Final answer:
The enthalpy change (∆Hrxn) for the reaction CCl4(g) + H2(g) → CHCl3(g) + HCl(g) is calculated by using the bond energies given for the broken and formed bonds. The calculation reveals that ∆Hrxn is -80 kJ/mol, indicating the reaction is exothermic. The correct option is E. -80 kJ/mol.
Step-by-step explanation:
To estimate the ∆Hrxn for the given reaction CCl4(g) + H2(g) → CHCl3(g) + HCl(g), we need to calculate the total bond energy for the bonds broken and formed during the reaction. The energy required to break the bonds is calculated by adding the bond energies of all the bonds that are broken, and the energy released is calculated by adding the bond energies of all the bonds that are formed.

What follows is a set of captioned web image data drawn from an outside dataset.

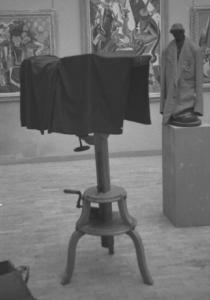 Roma. Palazzo delle Esposizioni. IV Quadriennale. Allestimento mostra - banco ottico al centro della sala; sullo sfondo una scultura "vestita" con una giacca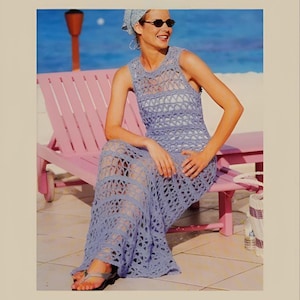 Puede incluir: Una mujer lleva un vestido largo de crochet de color lila claro con un sombrero de crochet blanco y gafas de sol. Está sentada en una silla de madera rosa en una playa.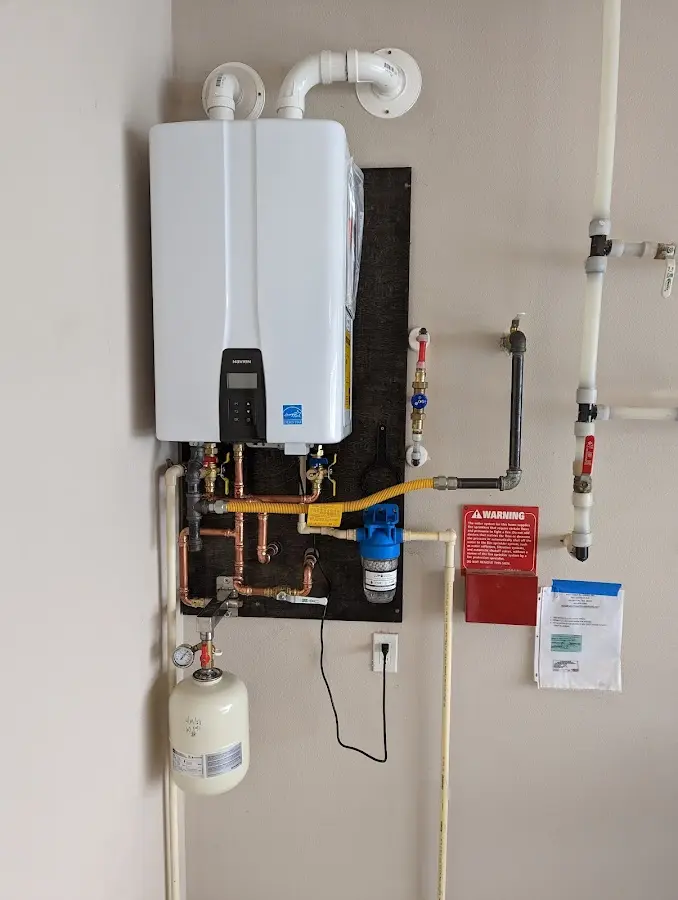 Professional plumber installing copper piping in a Cloverleaf home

For the reactants, 1 mole of CCl4 will involve breaking 4 C-Cl bonds and 1 H-H bond. That is 4 × 328 kJ/mol (C-Cl) + 436 kJ/mol (H-H) = 1756 kJ/mol. For the products, 1 mole of CHCl3 will involve forming 3 C-Cl bonds and 1 C-H bond, and 1 mole of HCl will involve forming 1 H-Cl bond. That is 3 × 328 kJ/mol (C-Cl) + 413 kJ/mol (C-H) + 431 kJ/mol (H-Cl) = 1828 kJ/mol.

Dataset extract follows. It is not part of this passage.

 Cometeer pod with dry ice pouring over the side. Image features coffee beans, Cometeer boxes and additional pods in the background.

Thus, the total bond energy of products is lower than that of reactants, indicating that the reaction is exothermic. The enthalpy change (∆Hrxn) can be estimated by subtracting the energy of the bonds formed from the energy of the bonds broken:
∆Hrxn = Total energy of bonds formed – Total energy of bonds broken
∆Hrxn = 1828 kJ/mol – 1756 kJ/mol
∆Hrxn = -80 kJ/mol
Therefore, the enthalpy change for the given reaction is -80 kJ/mol, which corresponds to option E.